Les trois outils à envisager pour éclaircir ses pommiers en AB
Darwin
Cet outil d’éclaircissage mécanique à fil peut se passer du stade D-D3 jusqu’à la floraison. Le stade d’intervention précoce est favorable au calibre et au retour à fleur. Plus la canopée est étroite, plus la machine est efficace. L’intensité de l’éclaircissage est liée à la vitesse d’avancement du tracteur, à la vitesse de rotation du rotor et à la densité des fils. Le temps d’utilisation est de 1 à 3h par hectare.
Dessiccants
Des huiles, associées ou non à du soufre et la bouillie sulfocalcique, sont testées depuis plusieurs années en plusieurs applications au moment de la floraison.
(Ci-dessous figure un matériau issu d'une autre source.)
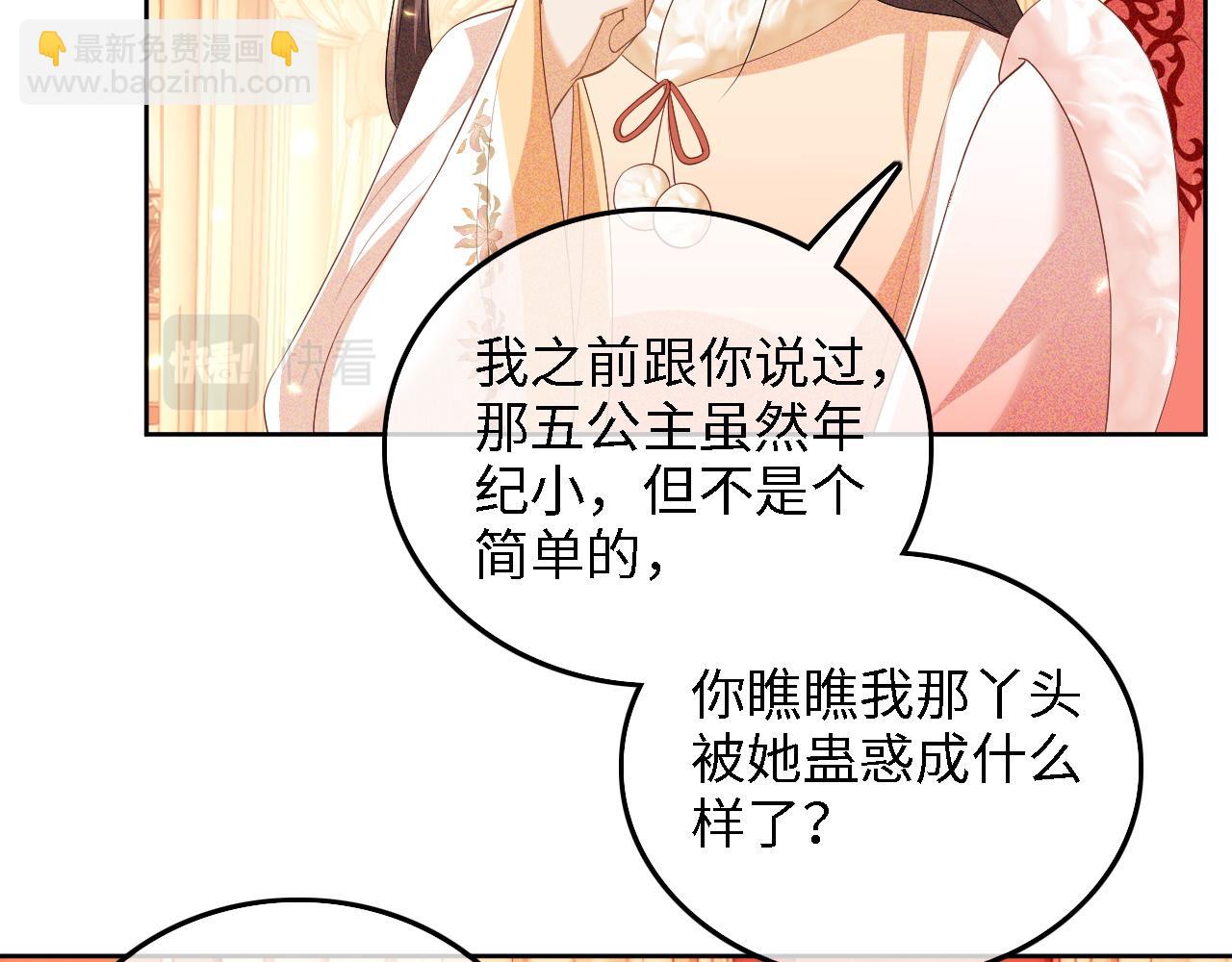 满级绿茶穿成小可怜 - 第47话 萧岚醒悟(1/2) - 1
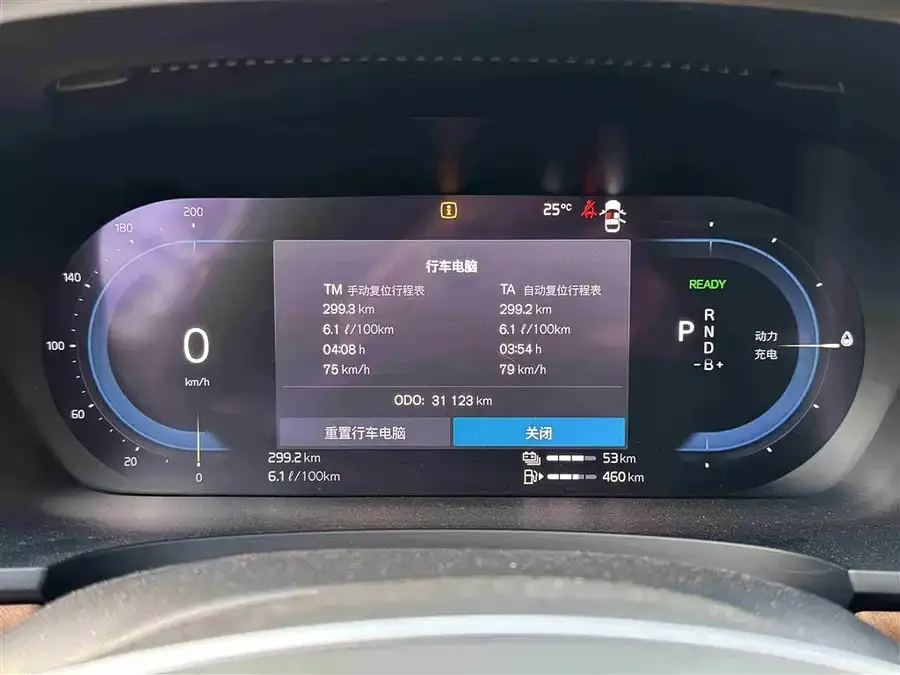 Volvo S90 plug-in hybrid 2022 model T8 E-drive hybrid Zhiyi luxury version 2022 — миниатюра 4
Ces substances n’ont à ce jour pas d’autorisation de mise sur le marché pour cet usage. Ils viennent dégrader les fleurs, en voie de fécondation, et diminuer l’activité photosynthétique. La bouillie sulfocalcique est le produit parmi ceux testés qui associe réduction de charge et effet positif sur le retour à fleur.
Eclairvale®
Cet outil présente un intérêt sur pommier en post-floraison du stade 20 mm à 45 mm. Il est constitué de barres souples en fibres de verre disposées sur un rotor. Le rotor tourne librement (sans moteur) par friction au sein de l’arbre. La sévérité de l’éclaircissage est obtenue par la vitesse d’avancement du tracteur et la position de la broche dans la haie fruitière. Plus l’outil est passé tard sur des fruits de gros diamètres, plus l’intensité d’éclaircissage sera forte. Son passage tardif n’est pas favorable au retour à fleur.